■ **Data segment**
****

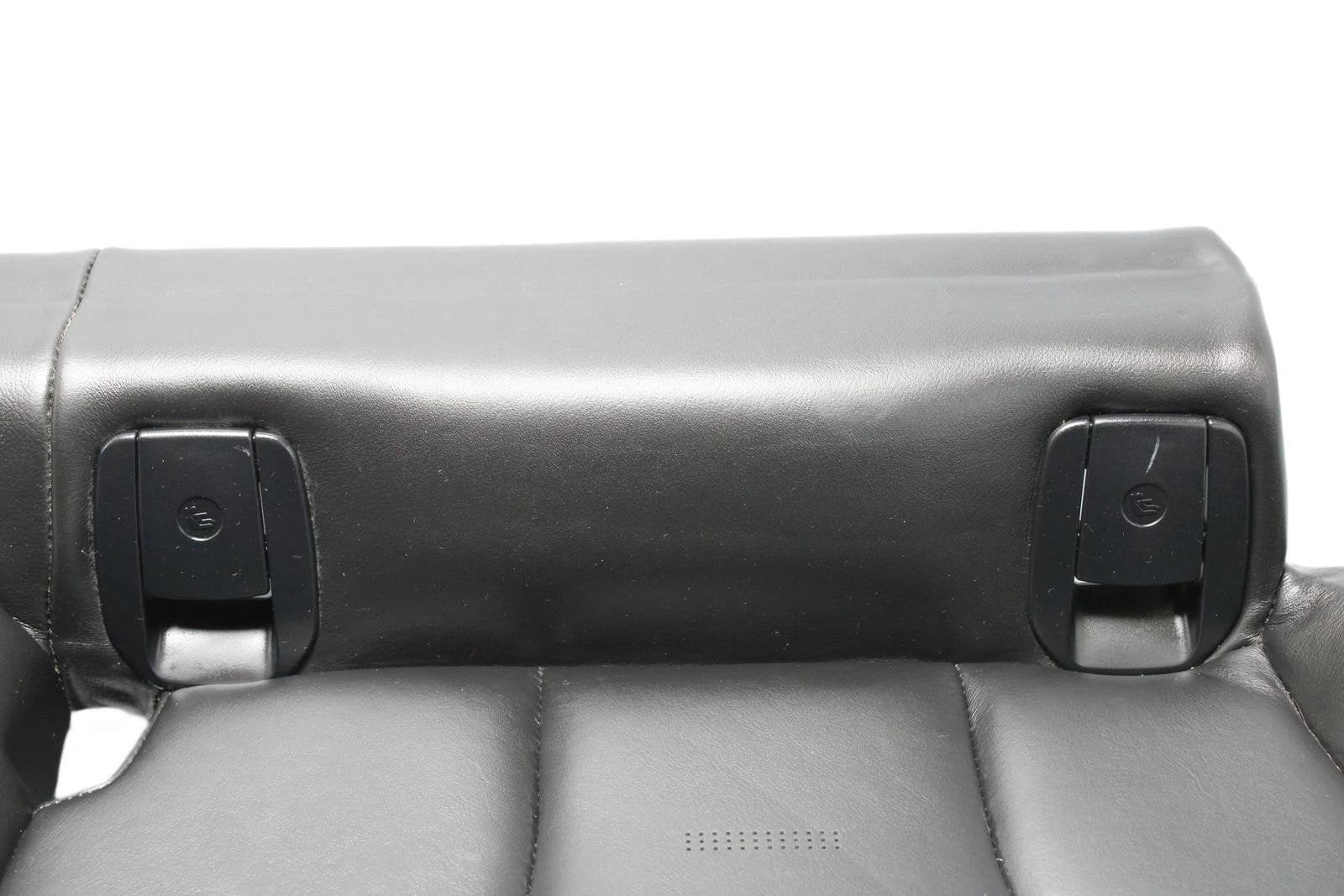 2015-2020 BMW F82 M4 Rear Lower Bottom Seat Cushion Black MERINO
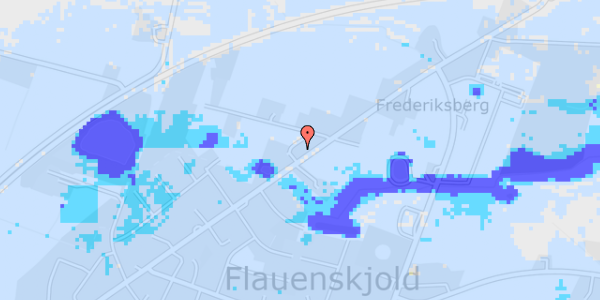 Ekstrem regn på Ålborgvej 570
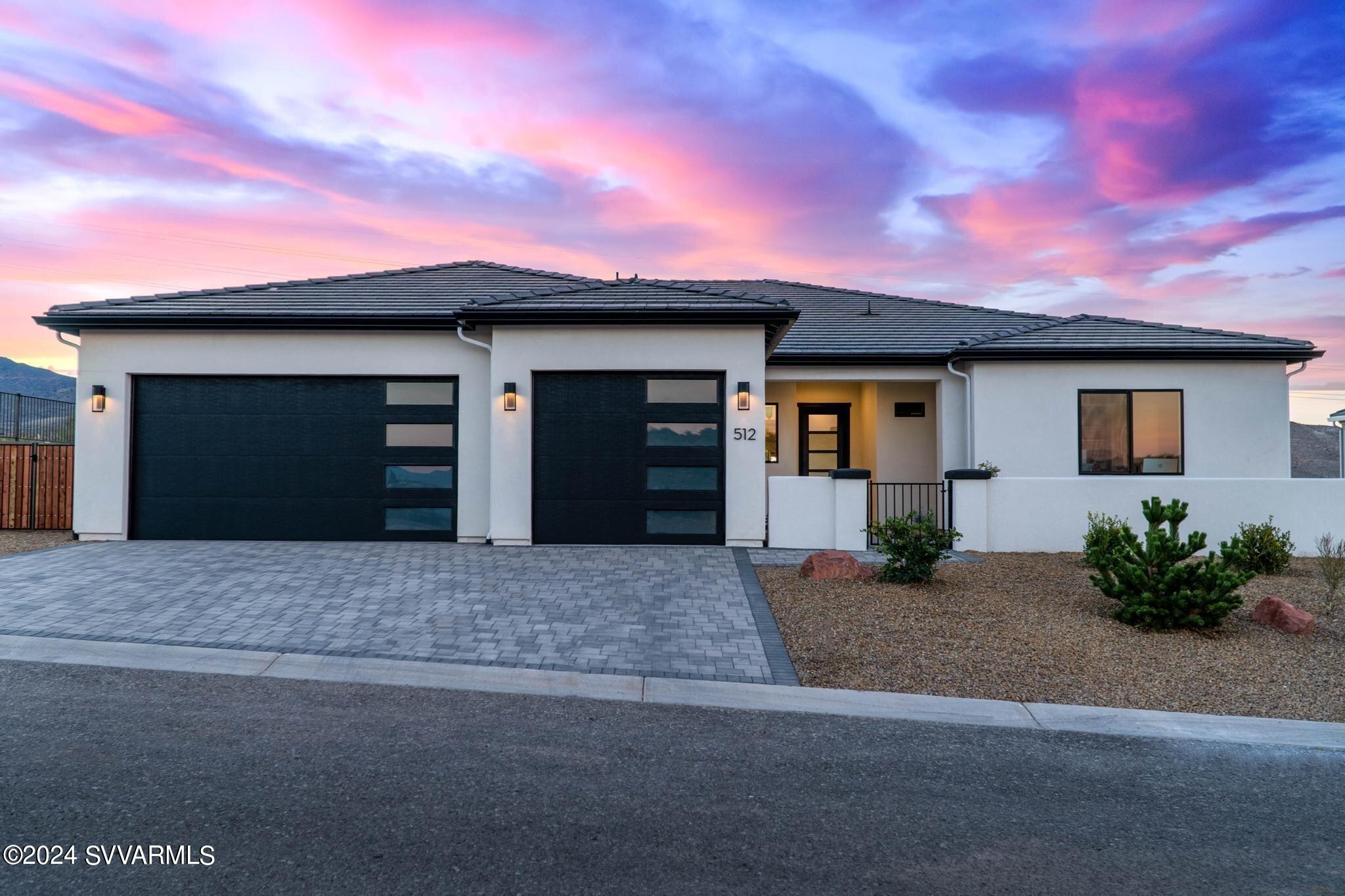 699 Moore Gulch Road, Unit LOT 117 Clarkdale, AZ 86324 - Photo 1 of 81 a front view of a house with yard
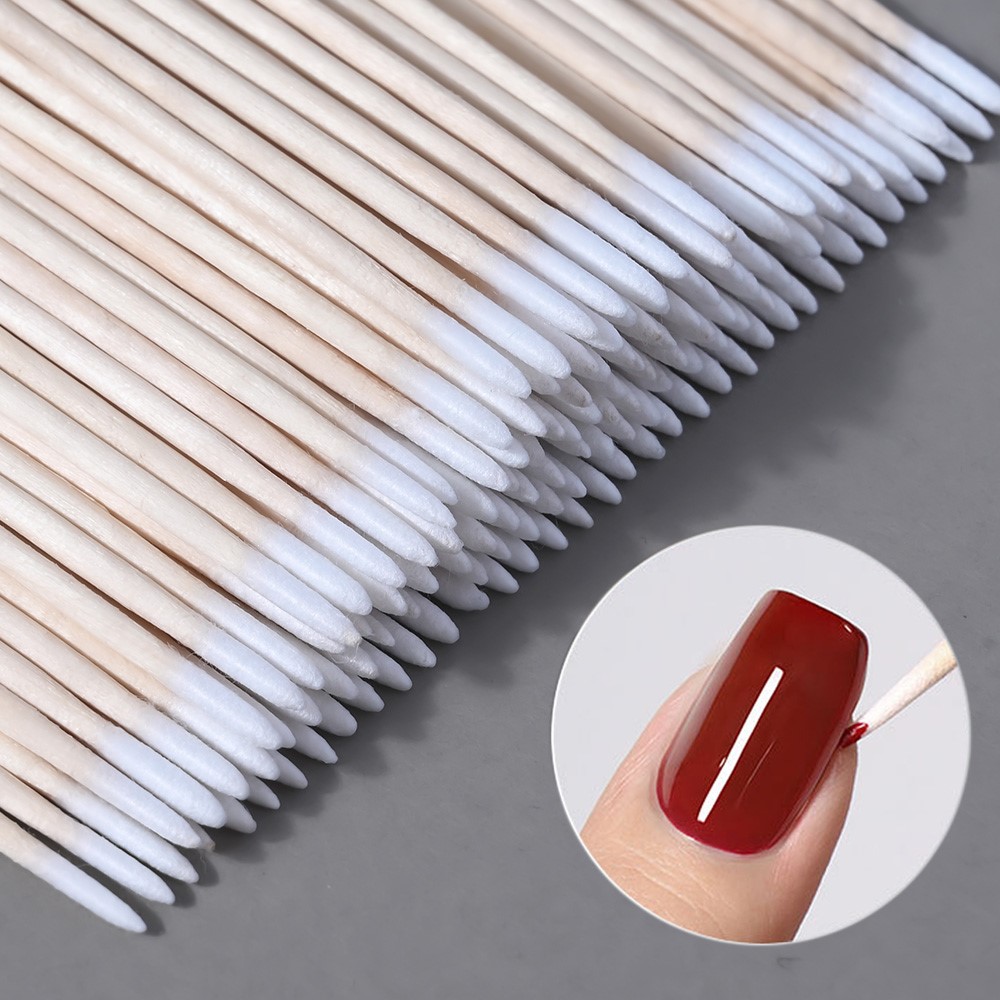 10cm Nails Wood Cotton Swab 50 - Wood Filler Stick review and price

****

■ **Task to complete**
Print the listing above in full, exactly as written. Omit any pictures.

■ **Solved problem**
 2015-2020 BMW F82 M4 Rear Lower Bottom Seat Cushion Black MERINO
 Ekstrem regn på Ålborgvej 570
 699 Moore Gulch Road, Unit LOT 117 Clarkdale, AZ 86324 - Photo 1 of 81 a front view of a house with yard
 10cm Nails Wood Cotton Swab 50 - Wood Filler Stick review and price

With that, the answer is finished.